La grande inquiétude des juges d’instance
Le projet de réforme qui sera discuté cet automne réduit le périmètre des tribunaux d’instance, chargés des litiges du quotidien, à la portion congrue.
Par Laurence Neuer
La justice se refait une beauté et elle en a grand besoin. Mais parmi les 693 pages du texte de réforme, qui sera discuté à l’automne, beaucoup font grincer des dents. En cause, notamment, le traitement dématérialisé, c’est-à-dire sans audience, des litiges inférieurs à 4 000 euros (restitution d’un dépôt de garantie, conflit de voisinage…). Ce type de mesure affecte directement l’avenir du tribunal d’instance, héritier du juge de paix, dépositaire des incidents et chamailleries du quotidien : crédits impayés, expulsions locatives, surendettement… Ce tribunal peu médiatique, mais qu’Emmanuel Carrière avait si justement parlé dans D’autres vies que la mienne en 2009.
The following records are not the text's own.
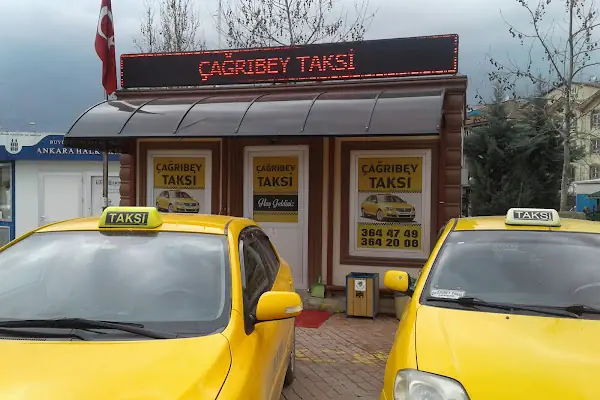 Çağrıbey Taksi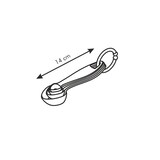 thumbnail of Colheres De Medida Presto, 4 Pcs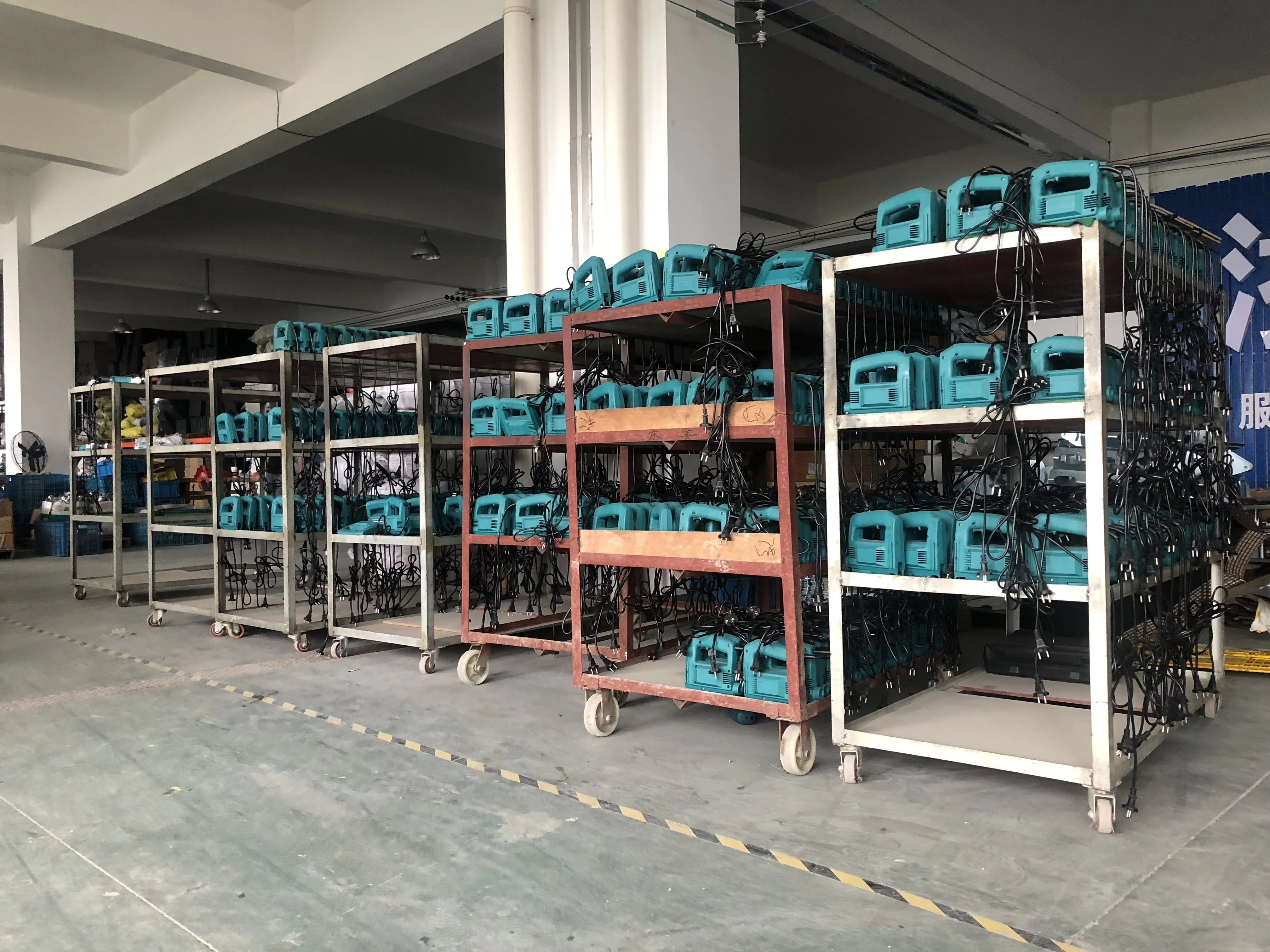 
China Professional Power Tools Manufacture No-load Speed mini Electric Wood Planer Electric Driver LS-EP001 Electric HandPlaner 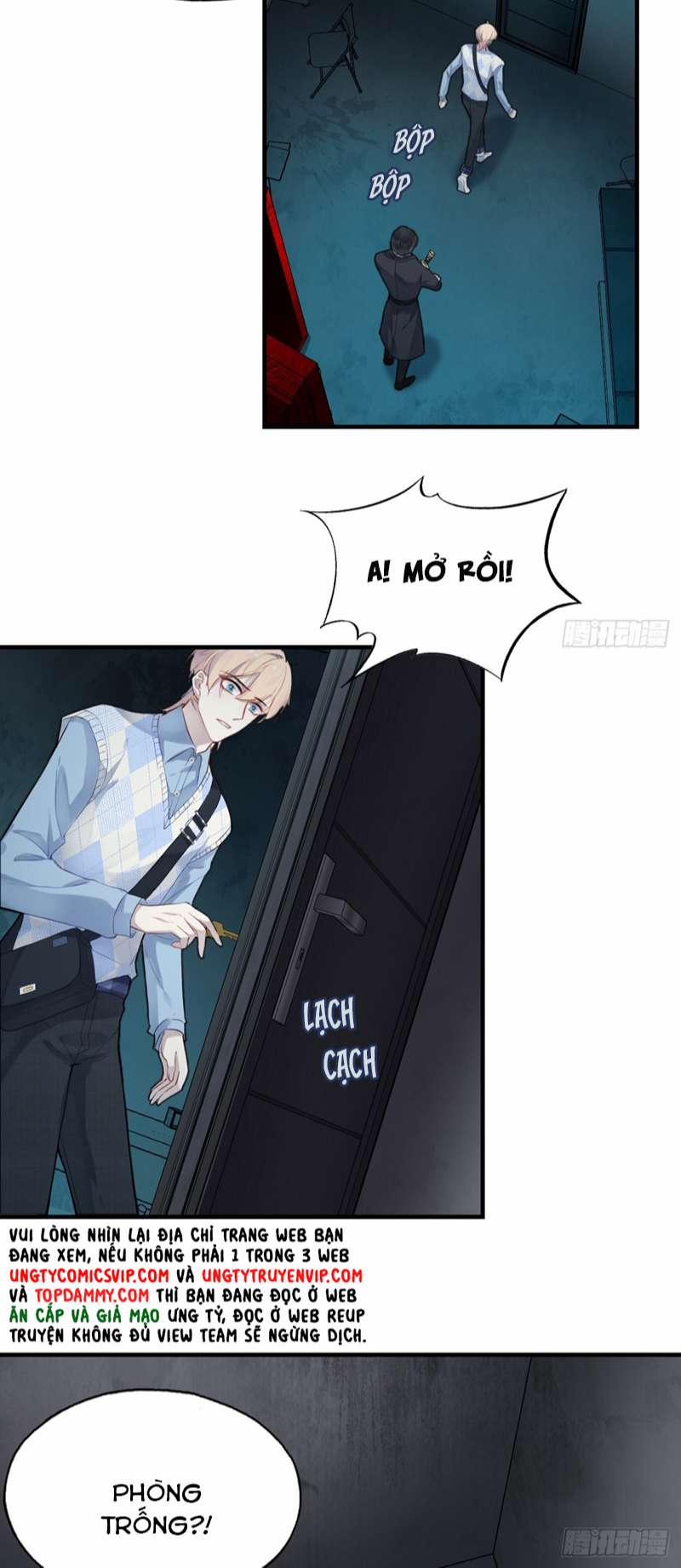 Anh Ấy Chưa Từng Rơi Xuống 33 trang 14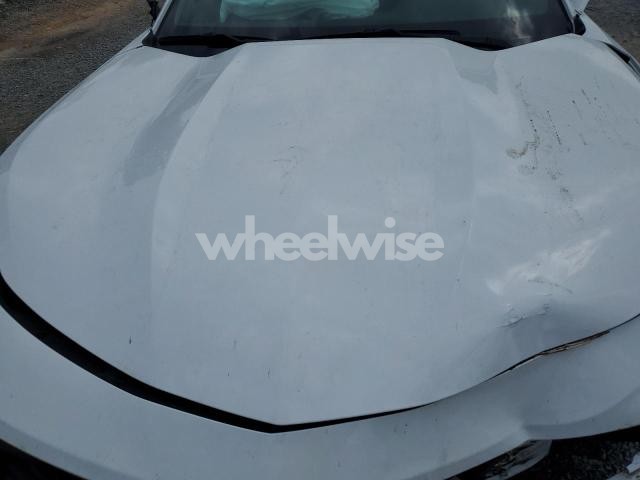 Photo 9 of 2023 CHEVROLET CAMARO LT (VIN 1G1FD3DS5P0101310)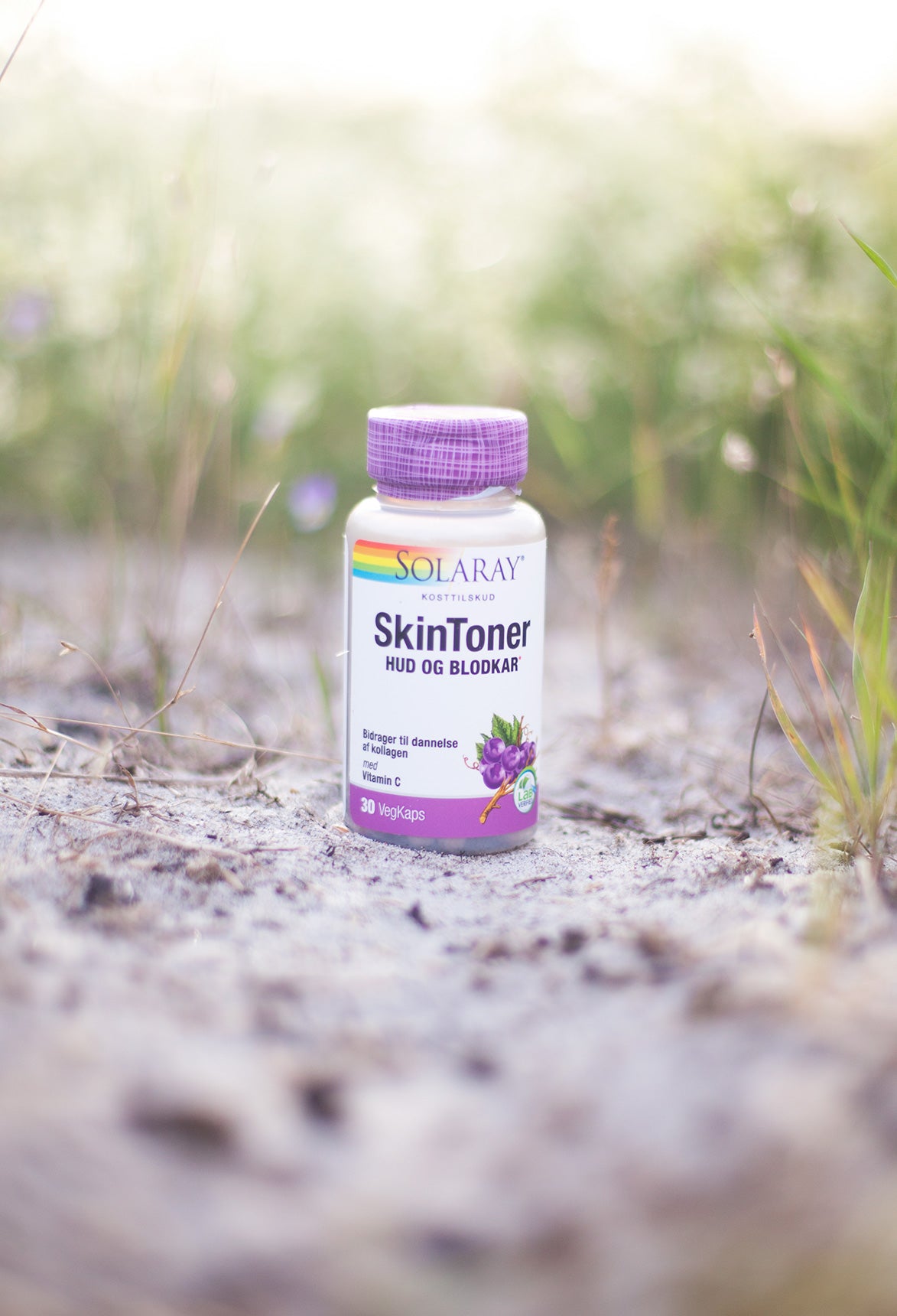 Skintoner, 30 kap., Solaray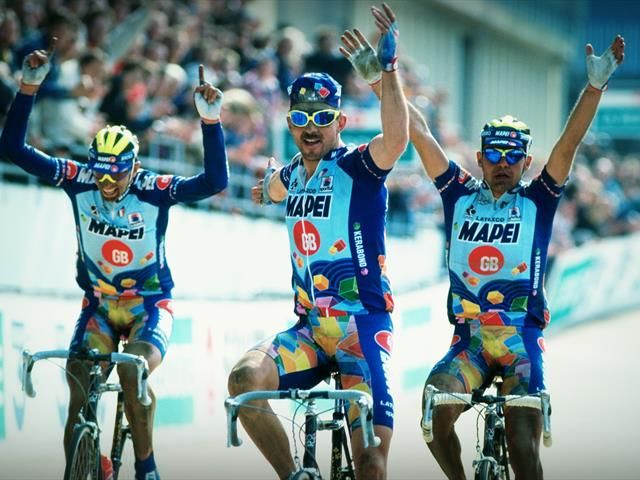 Mapei cycling team cheap
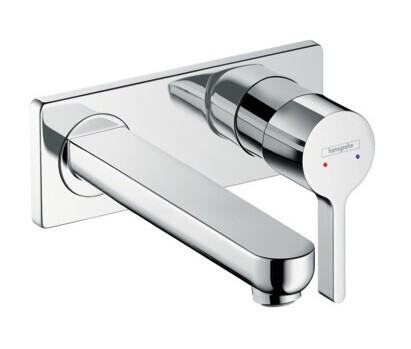 Hansgrohe 31163000 Metris S смеситель для раковины хром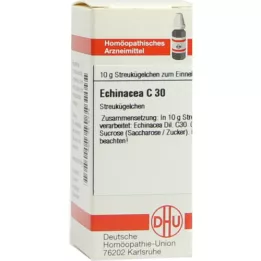 ECHINACEA HAB C 30 Globuli, 10 g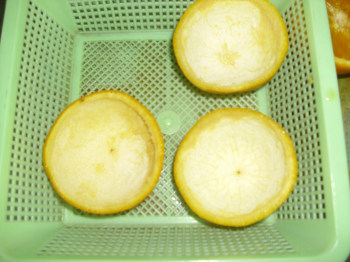 香橙果冻——能剥着吃步骤3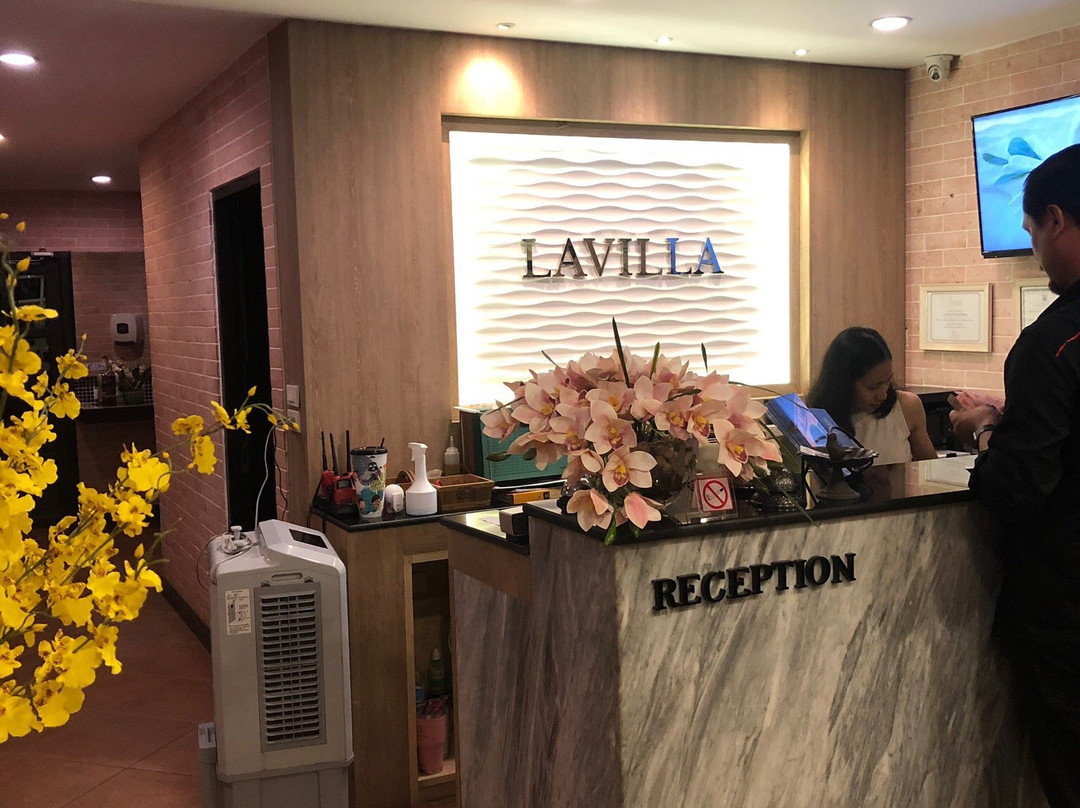 La Villa Boutique Hotel主图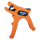 Alicate automático para descarnar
C’est aussi à ce tribunal, qui manie aussi bien le droit que l’équité, devant lequel on vient plaider sa cause sans avocat, que le projet entend ôter le contentieux des injonctions de payer (dont la majeure partie concerne des crédits à la consommation), pour le confier à un « tribunal de grande instance à compétence nationale », ainsi que les dossiers dits « complexes » (baux ruraux, élections professionnelles, saisie des rémunérations), qui reviendraient au tribunal de grande instance (TGI).
Nombre d’avocats et de magistrats redoutent ainsi une « déshumanisation » de la justice dont pâtiront les personnes les plus vulnérables et isolées. « Pour plus de 30 % des habitants de l’Hérault résidant majoritairement en milieu rural ou se trouvant en situation précaire, la justice ne sera plus présente, car le contentieux spécialisésera transféré au TGI de Montpellier et le contentieux du quotidien sera traité par voie dématérialisée », dénonce le Conseil national des barreaux dans un communiqué.
Les tribunaux d’instance, dont la ministre de la Justice Nicole Belloubet a assuré qu’ils seraient maintenus, sont-ils des coquilles vides en puissance ? Que deviendra cette juridiction qui traite l’ensemble des litiges civils inférieurs à 10 000 euros, le contentieux des baux d’habitation et celui des crédits à la consommation sans limite de montant ?
Christophe Bouvot, juge d’instance à Nogent-sur-Marne, répond aux questions du Point.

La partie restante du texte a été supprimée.